Return an exact copy of the entries, skipping any picture you find.

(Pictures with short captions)
----------
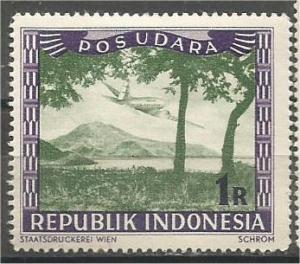 INDONESIA, 1949, MNH 1r AIR POST Scott C25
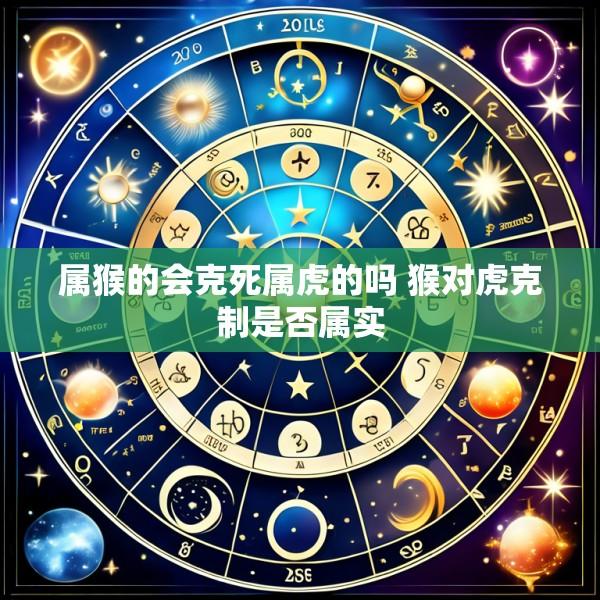 属猴的会克死属虎的吗 猴对虎克制是否属实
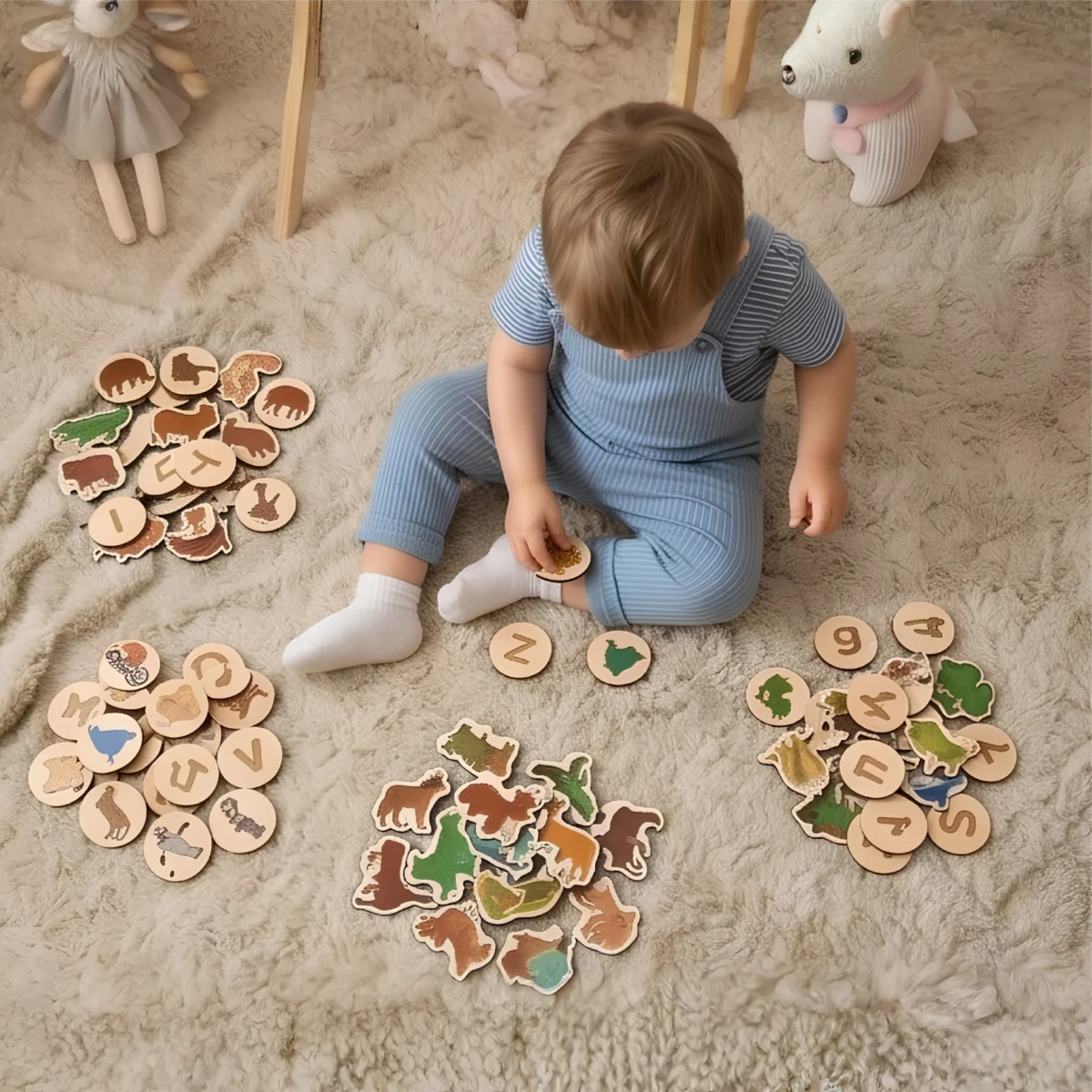 MagniTots Magnetic Wall Hanging Alphabets Animal Frame Wall Fun Toy - Image 6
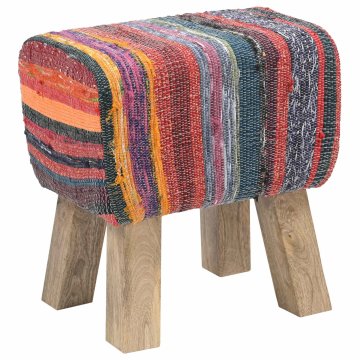 Vidaxl klop 40 x 30 x 45 cm Pravo usnje večbarvno
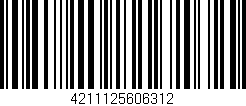 Código de barras (EAN, GTIN, SKU, ISBN): '4211125606312'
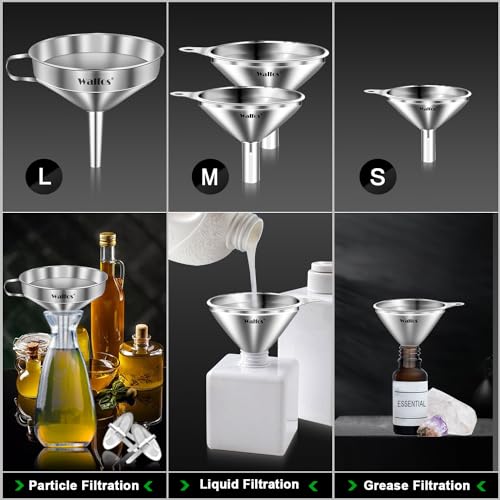 Stainless Steel Funnel (4 Count)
----------
ANSWER SECTION:
 INDONESIA, 1949, MNH 1r AIR POST Scott C25
 属猴的会克死属虎的吗 猴对虎克制是否属实
 MagniTots Magnetic Wall Hanging Alphabets Animal Frame Wall Fun Toy - Image 6
 Vidaxl klop 40 x 30 x 45 cm Pravo usnje večbarvno
 Código de barras (EAN, GTIN, SKU, ISBN): '4211125606312'
 Stainless Steel Funnel (4 Count)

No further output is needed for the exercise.